Nunca se fue
ALGO QUE DECIR ·
He aprendido que se puede estar con una persona de diversas maneras y que mi hermano José Cantabella eligió no marcharse de mi ladoHace un año justo que paseo en soledad por las calles de Murcia, acompañado eso sí de una voz cercana y cálida con la que voy conversando como si lo hiciera conmigo mismo, en ocasiones vamos juntos en el coche y nos permitimos, como hemos hecho siempre, frivolizar sobre el amor y sobre las mujeres, que tan importantes han sido en nuestras vidas y a las que hemos respetado y amado de un modo especial. Un año justo desde que le besé la frente fría y sudorosa por última vez y oí el sonido de mi móvil un par de horas más tarde, agorero y fúnebre, que me anunciaba la mala nueva, la peor nueva.
Ha pasado un año y no he parado de necesitarlo ni un solo día, aunque reconozco que Carmen, su mujer, y sus tres hijos lo han necesitado bastante más que yo por razones obvias. Nadie se ha quedado tanto tiempo a mi lado después de emprender su último viaje, salvo, quizás, mi abuelo; nadie ha continuado dialogando conmigo, riéndose de cualquier cosa, cruzando la avenida Alfonso X y la Plaza de Santo Domingo con un café granizado en las manos, mientras repasamos las últimas lecturas, que en su caso eran más abundantes que las mías y nos preguntamos por los últimos proyectos literarios.

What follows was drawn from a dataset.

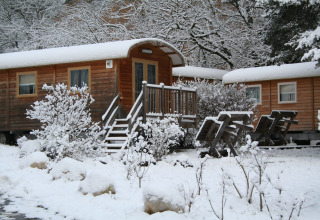 Met sneeuw bedekte houten woningen bij Huttopia Winter Chalets – Divonne Les Bains, glamping in de Franse Alpen.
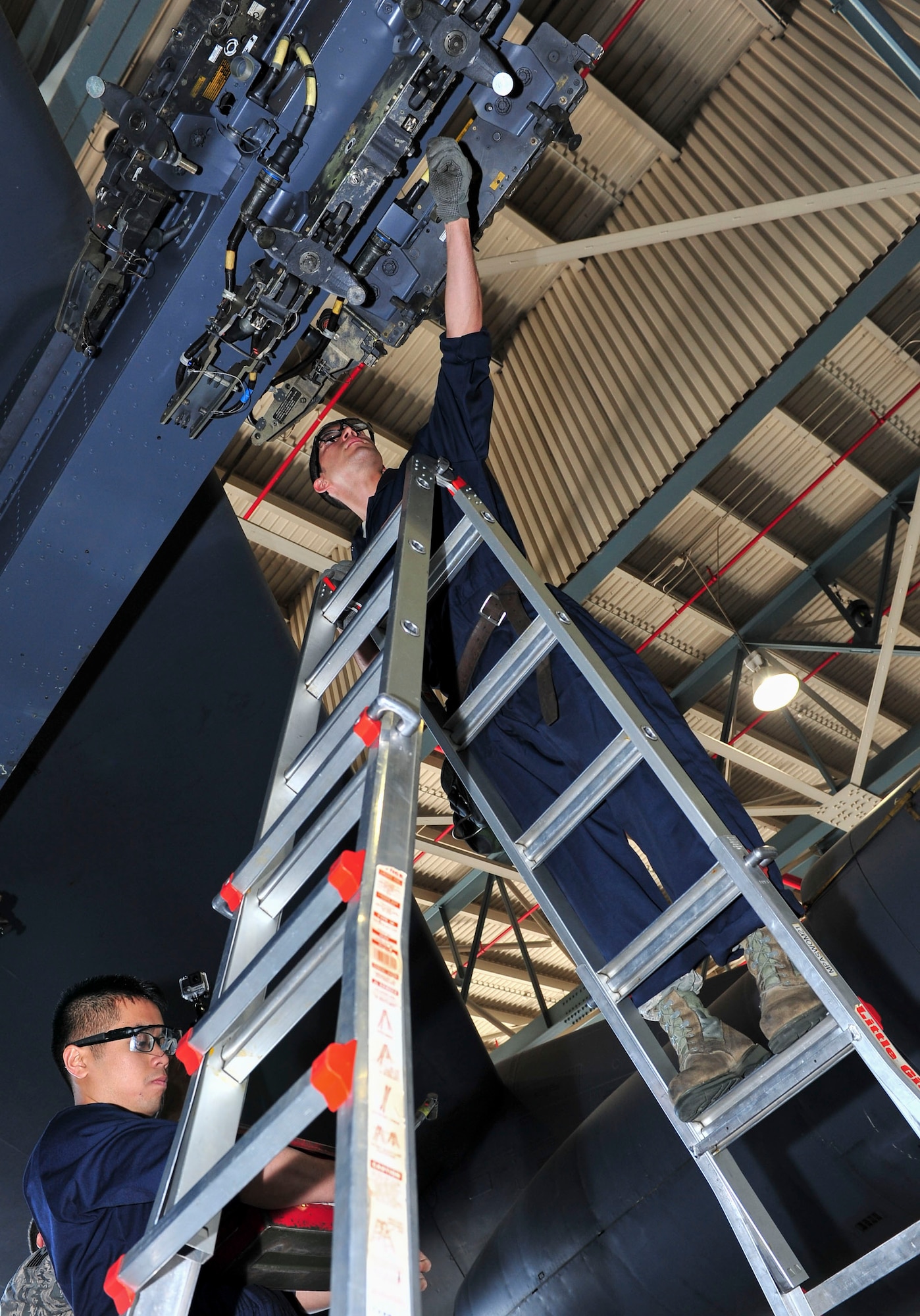 Senior Airman Alex Jimenez, 5th Aircraft Maintenance Squadron weapons load crew member, works with his team to load four weapon systems onto a B-52H Stratofortress at Minot Air Force Base, N.D., Aug. 24, 2015. Jimenez and his team were tested on their ability to quickly, safely and effectively load the weapons as part of Air Force Global Strike Command’s Global Strike Challenge Competition. (U.S. Air Force photo/Senior Airman Stephanie Morris)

Todo parece mentira o podría ser mentira, si tuviésemos el poder de volver atrás y cambiar el destino, pero mientras tanto, no tenemos más remedio que conformarnos con la terrible evidencia de nuestra condición efímera. Es posible que esa aceptación nos proporcione otros caminos para transitar la sabiduría y el conocimiento. Tal vez lo que fue un día, lo que un día nos ató a una persona, lo que seguimos recordando de ella constituya un misterio del que nadie podrá desposeernos, aunque, como en mi caso, no tengamos el apoyo de una fe trascendente.
Como José Cantabella, también mi única fe es la palabra, de la que emanan todos los sentimientos humanos, todas las sensibilidades y todas las ciencias. Éramos cofrades de páginas y títulos memorables en torno a los que no cesábamos de merodear un día y otro día, atentos a novedades gozosas, a esas ferias de libros que nos encontrábamos en nuestros paseos diarios y en cuyos anaqueles nos hallábamos como en casa.
No puedo evitar que cada día me tope con un motivo nuevo para llamarlo y consultarle un extremo, y eso es lo que hago muy a menudo en este último año de soledad, consultarle mis dudas, compartir con él mis inseguridades, participarle mis alegrías o informarle de algún acto sobre el que él ya sabe antes y mucho más que yo.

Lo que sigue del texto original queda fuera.